Friday, 19 August 2011

Parabens and Phthalates: Beauty at a price

Hello everyone!  I hope you've had a wonderful week!  This was definitely an 'off' week for me.  I find that my eating patterns and motivation levels fluctuate throughout the month -- the last 2 weeks I ate absolutely no sugar or junk food, and had no cravings, and this week....that's all I seem to want.  Blarg!  This is a pretty major PMS symptom of mine that I'm trying to regulate, along with my hormones.  Let's just say that I didn't "just say no" this week to pizza Wednesday, or bagel Friday.

I don't want to scare away any men readers with all this PMS and hormone stuff.  The toxic elements in our world don't just adversely affect a woman's hormones.  Not by a long shot.  All human beings have many different hormones in their bodies, which regulate our function, though most of us know nothing about our hormones.  All men have some female hormones, and all women have some male hormones.  The hormone levels of all human beings are affected by foods we eat, our stress levels, and the xenoestrogens in our environment.  I delved into that a little bit in my Plastic Freedom post.

Detoxifying our home and environment as much as possible is a universal concern for men and women.  And so the next big area of my life I have undertaken a detox in is BEAUTY and personal hygiene.  I've been hooked on beauty products for as long as I can remember, as I'm sure many of you have.  Many of us gals just end up accumulating a lot of products for hair, face, and body over time.  But this is not exclusively female behaviour ;)

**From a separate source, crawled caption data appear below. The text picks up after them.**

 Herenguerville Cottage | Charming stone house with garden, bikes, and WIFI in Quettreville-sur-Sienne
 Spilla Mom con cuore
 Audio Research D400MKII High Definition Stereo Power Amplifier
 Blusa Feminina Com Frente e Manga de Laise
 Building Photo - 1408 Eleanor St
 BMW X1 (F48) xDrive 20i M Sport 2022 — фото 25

There are some evils lurking in our bathroom cupboards and shower, and you really should get to know them.

EVIL #1: Parabens


I know you've heard of them.  I had heard the word before too, but I really didn't look into it very much until recently, when it occurred to me that my hormones were messed up.  My research brought me to parabens.  Parabens are the most widely used preservatives in personal care products.  They stop fungus, bacteria and other creepie crawlies from growing in our creams, shampoos, soaps, and makeup.  You can find these preservatives listed on your products as methyparaben, ethylparaben, propylparaben, butylparaben, and isobutylparaben, and if you take a look around your bathroom (or in Shopper's Drug Mart), you'll probably find them in almost everything.  Parabens have been widely used for about 70 years.

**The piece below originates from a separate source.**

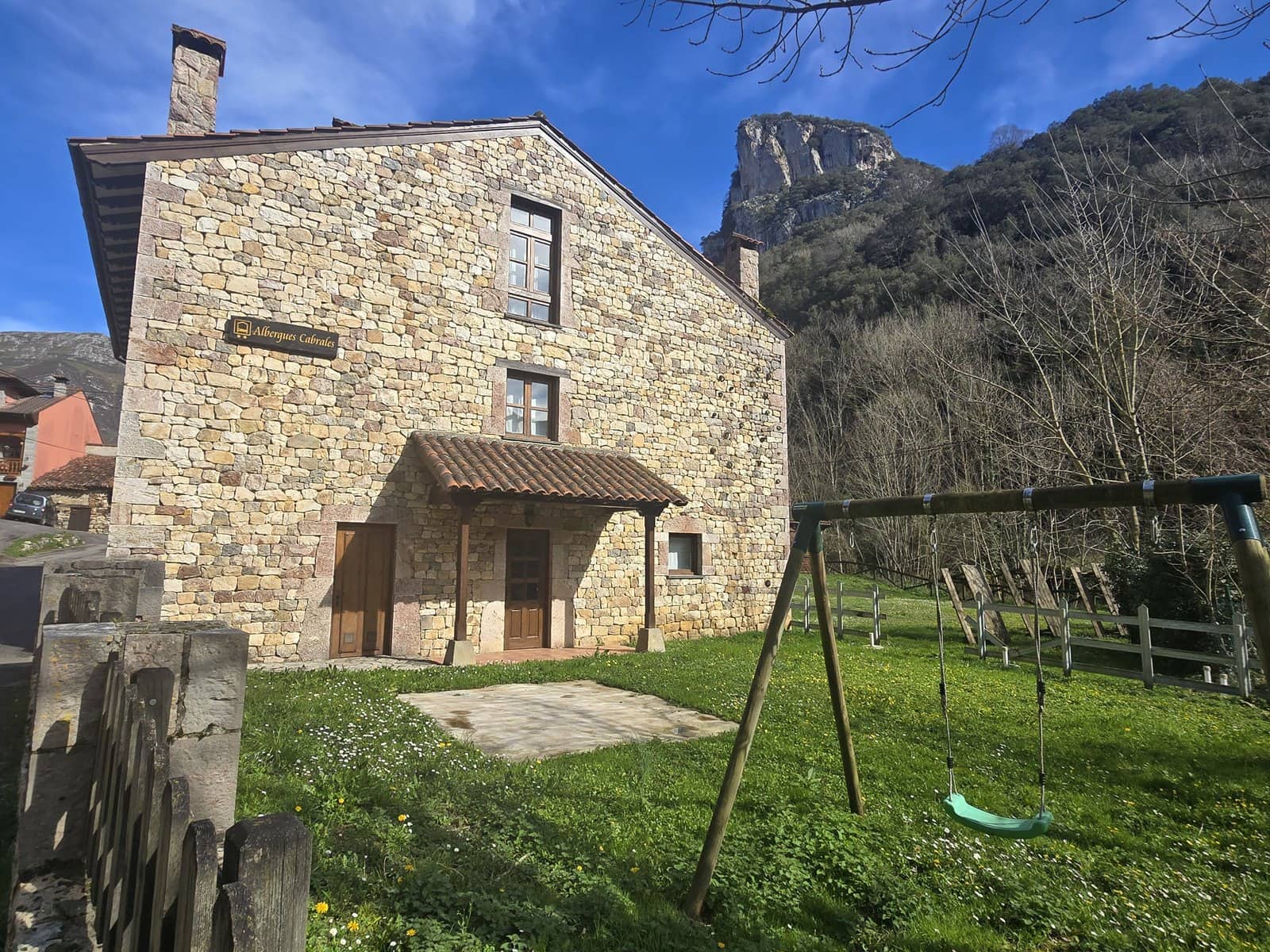 32 soveværelse Virksomhed til salg i Cabrales - € 1.400.000 (Ref: 8862880)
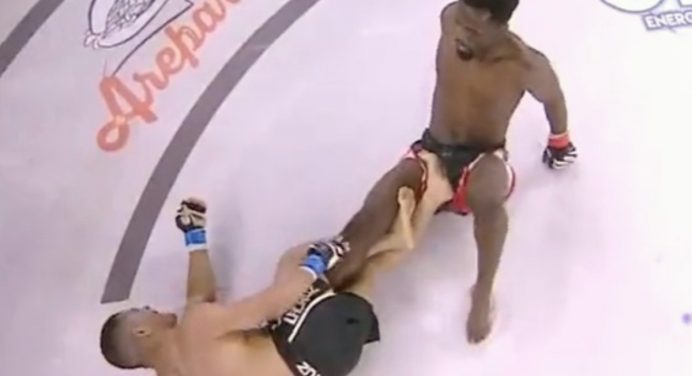 Inusitado! Lutador brasileiro finaliza a si mesmo durante combate; veja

Researchers are now questioning the safety of parabens.  They wonder if the rising incidence of breast cancer is linked in part to the fact that parabens, which mimic estrogen in the body, have been found in breast cancer tumours and can be isolated from other body tissues.  They wonder if declining sperm counts and increasing rates of male breast cancer and testicular cancer are related to the fact that parabens can be absorbed into our skin, potentially disrupting our endocrine systems.

A very important study conducted in 2004 by Philippa Darbe, a senior lecturer in oncology and researcher in biomolecular sciences at the University of Reading, in England, detected parabens in 18 out of 20 samples of tissue from breast cancer biopsies.  While this is not conclusive proof that parabens cause cancer, they were easily detected in these cancer cells.  No study was done on non-cancerous tissue to compare the findings.  More research is needed.  The potentially frightening thing is that we use underarm deodorant containing parabens in very close proximity to our breasts, on a daily basis.

Even if there were no direct link to parabens and breast cancer, parabens do mimic estrogen in the body, causing estrogen dominance in some.  Estrogen dominance encourages the development of breast cancer and also stimulates breast tissue that can trigger fibrocystic breast disease.  Estrogen dominance in men can cause such problems as infertility, erectile dysfunction, enlarged prostate, and certain types of cancer.  That right there, is all I need.  Parabens are not good for the human body.

EVIL #2: Phthalates

You many not know much about them, but like parabens, they are insidious in our environments.  One billion tons of phthalates are produced worldwide each year. Phthalates, also called plasticizers, are used in a variety of common consumer products: they soften vinyl plastics that are common in toys, are responsible for the smell of new vinyl shower curtains and are a frequent component of fragrances used in air fresheners, detergents, cleaning products and more. They show up in cosmetics to hold color and scents, and have also been found in nail polish and treatments.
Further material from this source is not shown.